Li is not alone in this view. The author of a column in People's Daily said tapping the 'unique advantage' of the nation's middle class was strategically significant to China's next stage of development.
Just how large is China's middle class? Nanjing University sociology professor Zhou Xiaohong said that about three decades of market-oriented reform had elevated 20 per cent of the Chinese population into the middle class.
Zhou also says this group has a 'unique advantage'. They are pioneers in society not only through earning more, but also being willing to spend more. They use private banks, look for investment opportunities and are happy to use consumer credit. They also tend to spend more on education, travel, and various 'cultural products and services' such as books and movies, Zhou says.

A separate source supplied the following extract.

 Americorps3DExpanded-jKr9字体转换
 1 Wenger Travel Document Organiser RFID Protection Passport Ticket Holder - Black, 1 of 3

A week ago, a research paper jointly released by the China Social Sciences Academic Press and the Shanghai Academy of Social Sciences, forecast that by 2020, the middle class would make up 40 per cent of the mainland population.
But, not everyone is so optimistic. A piece in the Yanzhao Metropolis Daily in Hebei province was quick to ridicule the claim. In reality, it said, it was the poorer part of society, not the middle class, that appeared to be growing.
Sky-rocketing housing prices, a lack of jobs, and the widening wealth gap were making social mobility increasingly difficult in today's China. Any misstep would easily send a middle-class person back to the 'new poor', it said.
Even an article in the magazine Insight China, a subsidiary of Qiushi, said China's middle class was on the verge of a total collapse due to housing and education costs.
And, a commentary in the Qianjiang Evening News in Zhejiang province lamented that, in comparison with the leisurely lifestyles depicted in Western soap operas - still the main window for most Chinese on life in the West - it was evident there was still no middle class in China.